The final section demonstrates how to run a test using a specific question from the tasks dataset. We select `question_id = 43` and extract the corresponding user query to test the system with real airline customer service scenarios.

This testing approach provides a complete view of the Reflexion pattern in action, showing both the technical execution details and the practical quality improvements achieved through iterative self-reflection and revision.

In [None]:
def test_reflexion_graph(user_query):
    reflexion_graph = create_reflexion_graph()
    
    print("=== Testing Reflexion Graph ===")
    print(f"Test Prompt: {user_query}")
    print("\n--- Executing Graph ---")
    start= time.time()
    result = reflexion_graph(user_query)
    exec_time= time.time()-start
    print(f"\n EXEC Time: {exec_time}")
    print(f"\nGraph Status: {result.status}")
    print(f"Total Nodes: {result.total_nodes}")
    print(f"Completed Nodes: {result.completed_nodes}")
    print(f"Execution Order: {[node.node_id for node in result.execution_order]}")
    
    print("\n--- Node Results ---")
    for node_id, node_result in result.results.items():
        print(f"\n{node_id.upper()}:")
        print(f"Status: {node_result.status}")
        if hasattr(node_result, 'result') and node_result.result:
            print(f"Result: {str(node_result.result)}...")
    
    return result

# Test with different question_id
question_id = 43
task = tasks[question_id]
user_query = task["question"]
print(user_query)
reflexion_response = test_reflexion_graph(user_query)

## Congrats!

Congratulations!

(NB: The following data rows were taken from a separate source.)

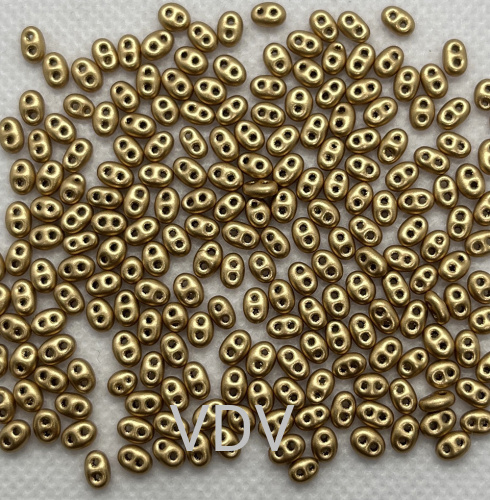 2098-2,5/5-01710 Бісер Чехія Twin (металізований, золотистий) 10 г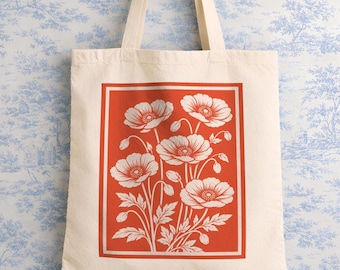 Botanical Block Print Tote Bag | Vintage Floral Art | Colorful Flower Canvas Tote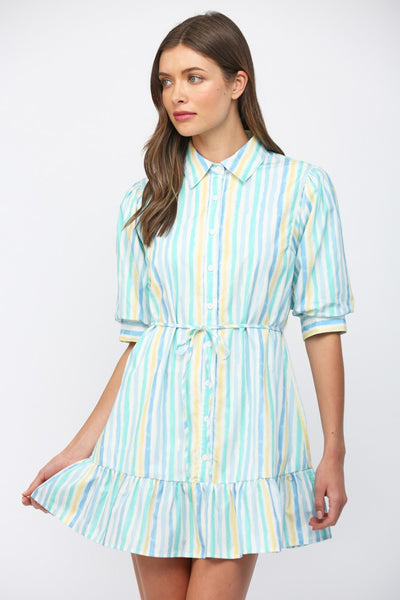 Vertical Striped Waist Tie Shirt Dress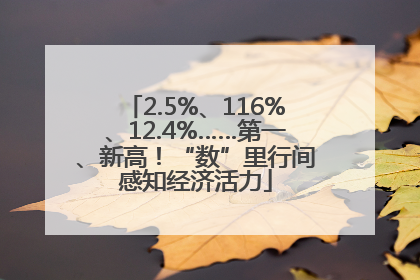 2.5%、116%、12.4%……第一、新高！“数”里行间感知经济活力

You've successfully created and tested a Reflexion pattern implementation using Strands multiagent orchestration. This system demonstrates:

- **Iterative self-improvement** through systematic reflection and revision
- **Multi-agent orchestration** with specialized roles and feedback loops
- **Quality-driven processing** with configurable thresholds and iteration limits
- **State management** across revision cycles for consistent improvement

The reflexion pattern is particularly useful for applications requiring high-quality responses, such as content generation, problem-solving, and complex reasoning tasks where initial responses can be systematically improved through reflection and revision.